Parents should use child-appropriate repellant to avoid bug bites and take proper steps if serious reactions bee stings or bug bites occur.
Unless you spend your summers in the frozen tundras of the Arctic, you know that warm weather is a boon to both kids and bugs alike. But what are the best ways to keep your rugrats from getting eaten up by mosquitoes, and how do you know when that bee sting is more than just a boo boo?
Preventing mosquito bites and bee stings
To prevent insect bites from bloodsuckers like mosquitoes or ticks and other summer pests – such as bee stings – pediatricians recommend making sure you’re using the right kind of repellant.
“The American Academy of Pediatrics’ recommendation for bug spray that’s safe for children is to use a spray that has at least 10 percent DEET or less,” says Dr. Laura Schrader, a Charlotte-area pediatrician with Lakeside Family Physicians in Denver, North Carolina. “Apply it only once a day but don’t use bug spray on kids less than two months old.”
She also recommends that parents avoid applying insect repellant to children’s faces or hands, since it could easily come in contact with their eyes or mouth.
To avoid stings or bites from other insects, such as bees, wasps or fire ants, it’s best to teach children how to identify potentially harmful insects and to avoid areas where they may be prevalent.
reating bites and stings
Dr.
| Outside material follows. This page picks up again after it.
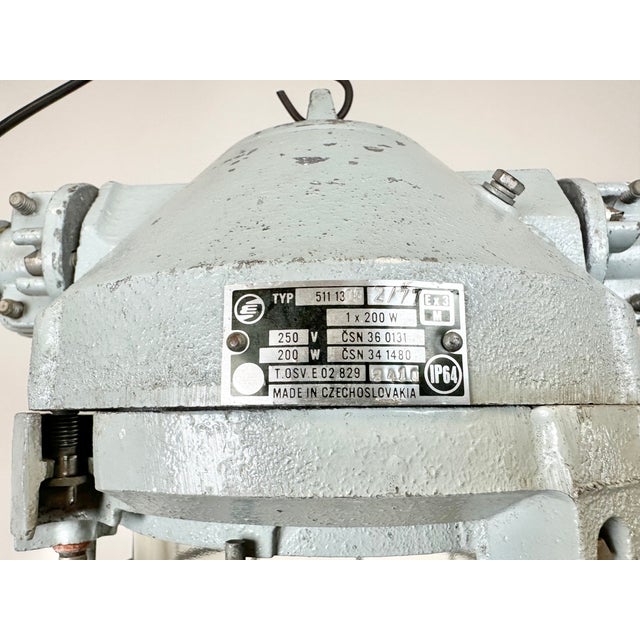 Industrial Grey Bunker Ceiling Light with Iron Cage from Elektrosvit, 1970s For Sale - Image 11 of 18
Barbara Slivnick, a Chicago pediatrician with Children’s Healthcare Associates, says most insect bites, such as those from mosquitoes cause reactions around the area of the bite with symptoms such as pain, redness, swelling and itching that may persist for several days. “For all bug bites, wash the area thoroughly with soap and water, and keep it clean and dry throughout the healing process,” she says.
Using an anti-itch cream may help alleviate the itchiness associated with bug bites, and parents should take care to trim kids’ fingernails short to prevent agitation or possible infection in the affected area caused by scratching. Over-the-counter oral anti-histamines, such as Benadryl, can also help reduce the discomfort produced by itchiness.
If children are playing in or walking through deeper woods or brush where ticks may be present, removing a tick will take some extra effort. “Remove the tick by grasping with tweezers as close to the skin as possible and pulling steadily outward, without twisting, as you want to remove the complete tick’s body and head,” Slivnick says. Since ticks may transmit serious diseases such as Lyme disease, consider consulting with a pediatrician if you find a tick on your child.
Treating bee stings requires a different technique. “If the stinger is visibly embedded in skin, scrape the area with the edge of a credit card or a similar clean, flat-edged item, to remove it,” Slivnick says. “To avoid additional venom release, do not attempt removal by manual squeezing.”
For any bite or sting, applying a cold compresses, ice pack, or a package of frozen food soon after the bite or sting occurs will slow down toxin spread and keep swelling down, she adds.
When to seek medical help for insect bites or bee stings
If your child has never experienced a bite or sting before, or only recently experienced their first bite or sting, be careful to look for signs of a severe allergic reaction. “Local swelling near the site of the sting is usually fine,” Schrader says. “But if there’s any kind of trouble breathing or swelling around the lips, mouth, tongue or face, get your child seen by a doctor.”
Slivnick says severe allergic reactions can occur even in children without allergies to stings or bites if there are multiple bites or stings. “Multiple stings, even in a non-allergic person, can also lead to more severe reactions, which can include severe swelling, fevers, sleepiness, and breathing problems,” she says. “All of these reactions necessitate an emergency medical evaluation.”